It adds that demand for green energy-related technologies, such as electric vehicles, solar panels, batteries and high-end semiconductors, is likely to grow “substantially faster than average”. AI-related exports are also expected to increase rapidly. 

However, the forecast highlights several downside risks. Geopolitical tensions, concerns over the energy transition and the rise of AI could spur intervention by national governments, for instance by introducing trade-restrictive policies designed to protect domestic producers. 

The World Trade Organization says in a report published on July 8 that between October 2023 and May 2024, member states overall introduced more trade-facilitating measures than trade-restricting measures on goods. 

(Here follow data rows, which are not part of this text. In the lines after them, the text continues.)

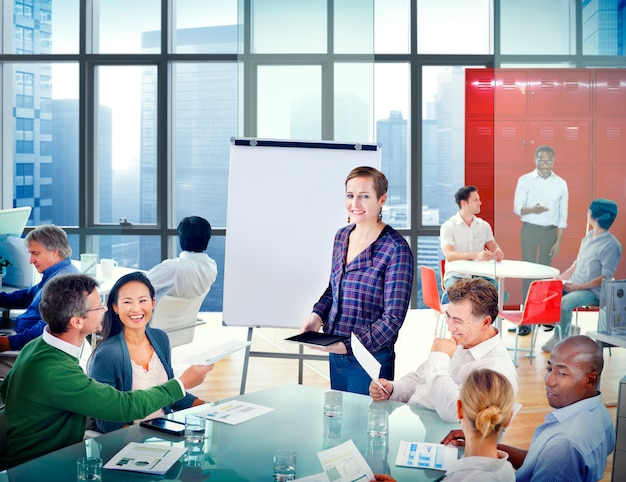 Team working together in an office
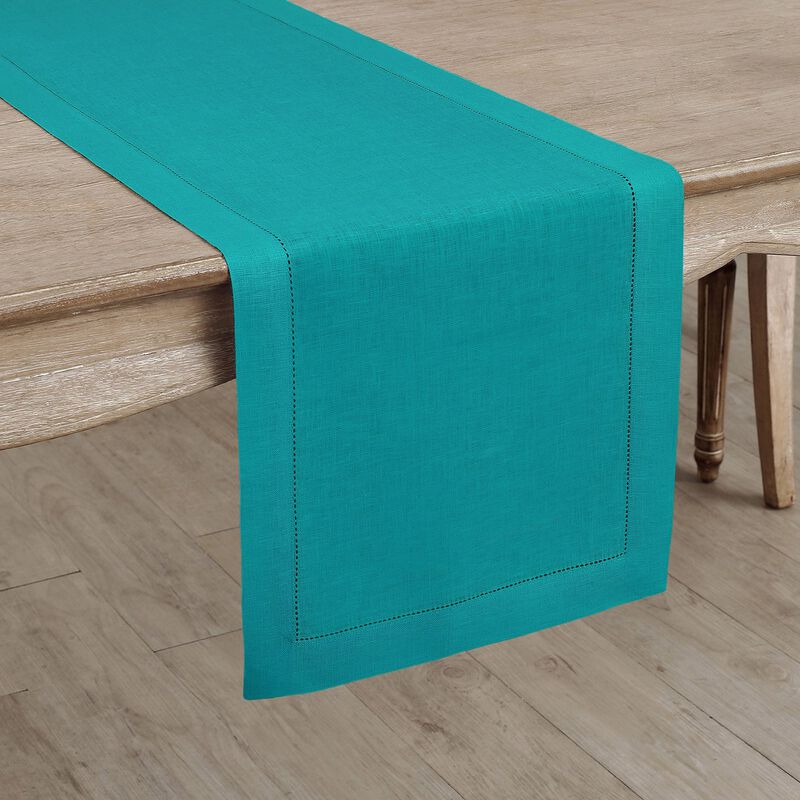Solino Home 100% Pure Linen Table Runner | Classic Hemstitch for Thanksgiving, Christmas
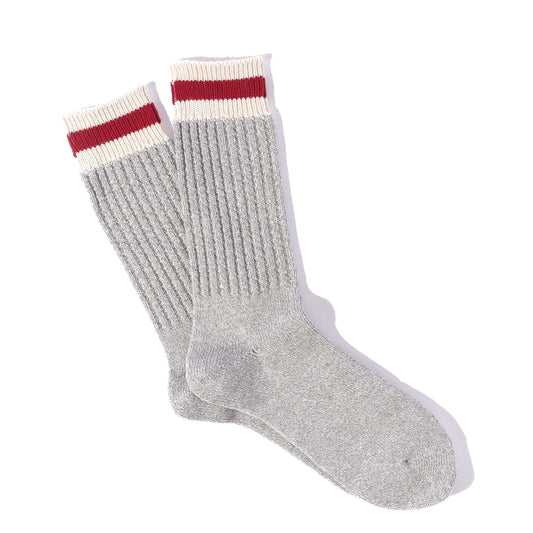 Tuck Cuff Stripe Crew Sock - Grey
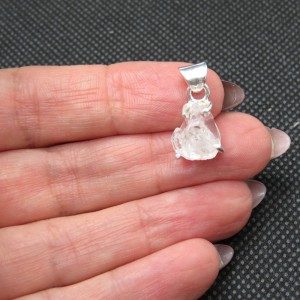 Colgante diamante Herkimer y plata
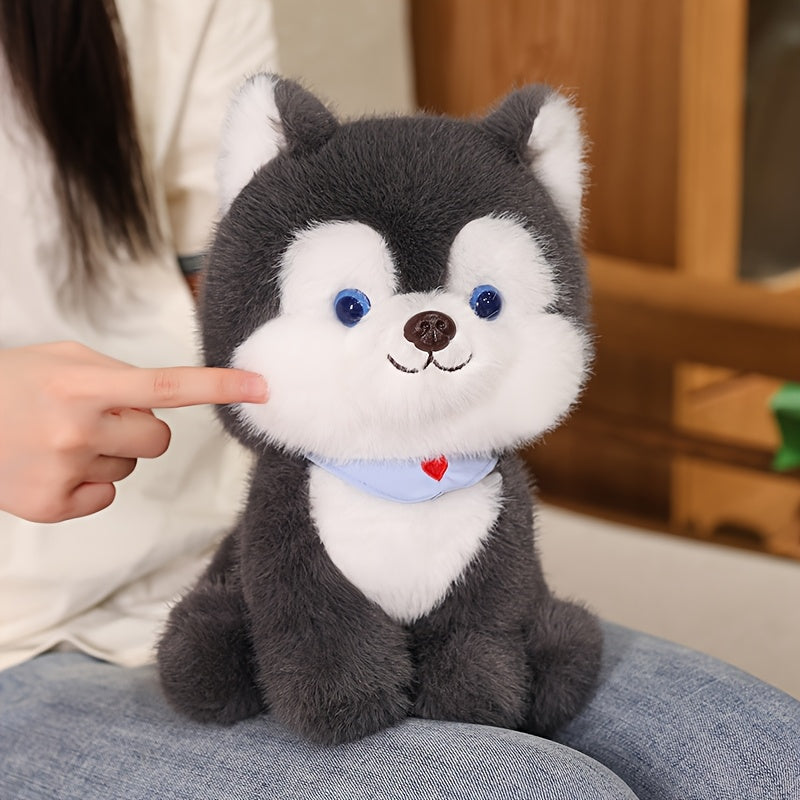 25cm/9.84in Cute Cartoon Husky Dog Plush Toy, Super Soft Stuffed Animal, Perfect Cuddly Gift for Boys and Girls, Birthday Party or Holiday Home Decor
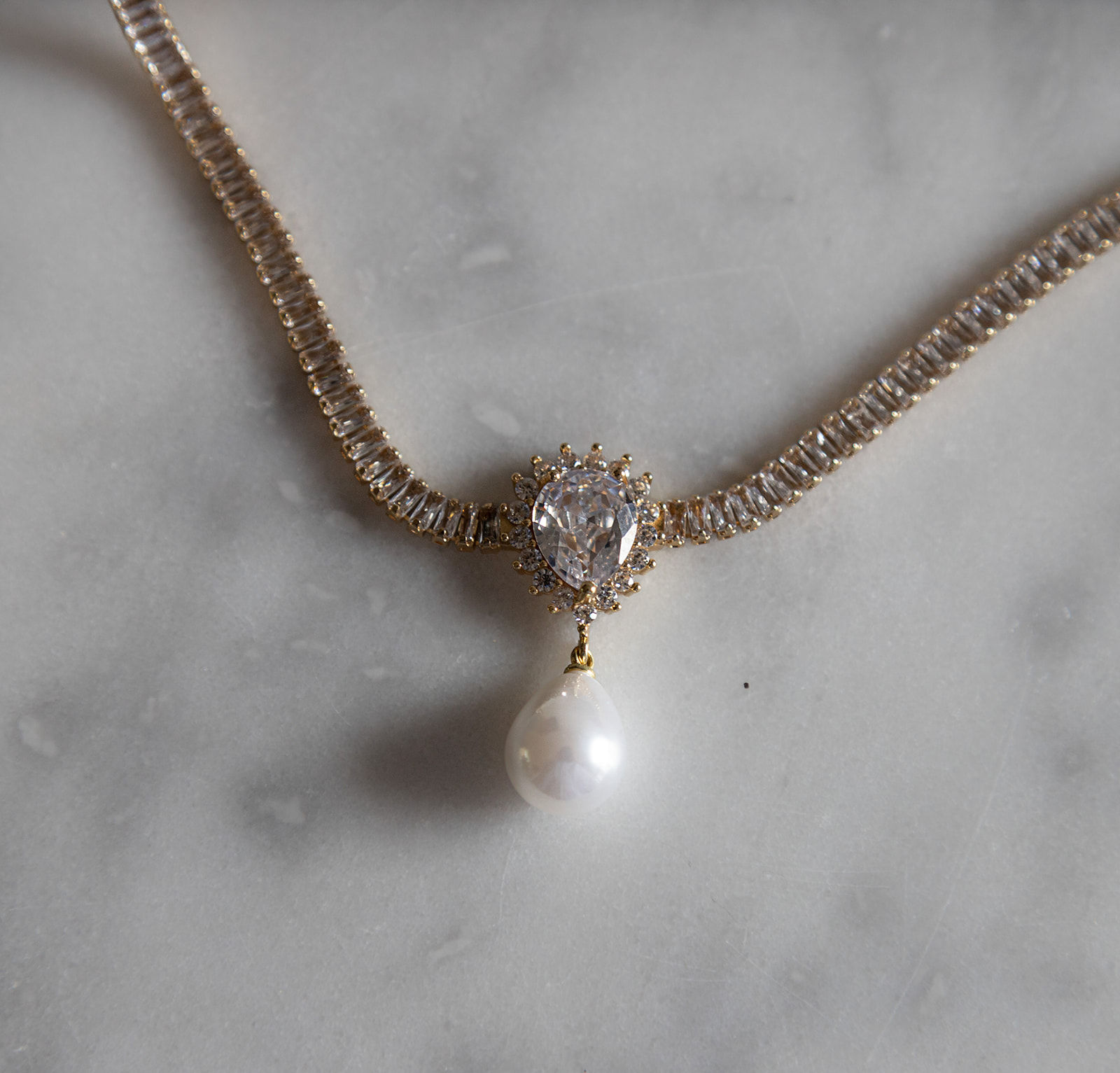 18K Gold Plated Crystal Necklace with White Pearl Pendant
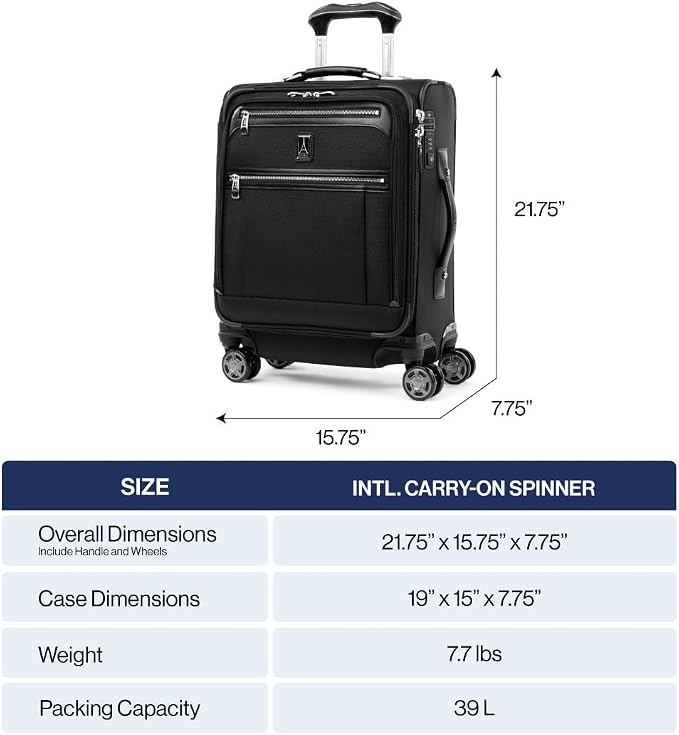 Travelpro Platinum Elite Softside Expandable Carry on Luggage, 8 Wheel Spinner - Image 3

But director-general Ngozi Okonjo-Iweala warned that “a series of import-restricting measures announced too recently to be captured in the update looks set to affect a significant amount of world trade”. 

The UNCTAD forecast also notes a “noticeable rise in the political proximity of trade”, whereby trade increasingly occurs between countries with comparable geopolitical stances – a practice known as friendshoring. 

It says this phenomenon has resulted in a concentration of flows within major trade relationships, though adds the trend appears to have stabilised during the second half of 2023 and may be starting to soften. 

At the same time, the uptick in goods trade was not reflected across all regions. Exports from African, Pacific and south-west Asian regions dropped in Q1, and saw a “significant decline” in intra-regional trade.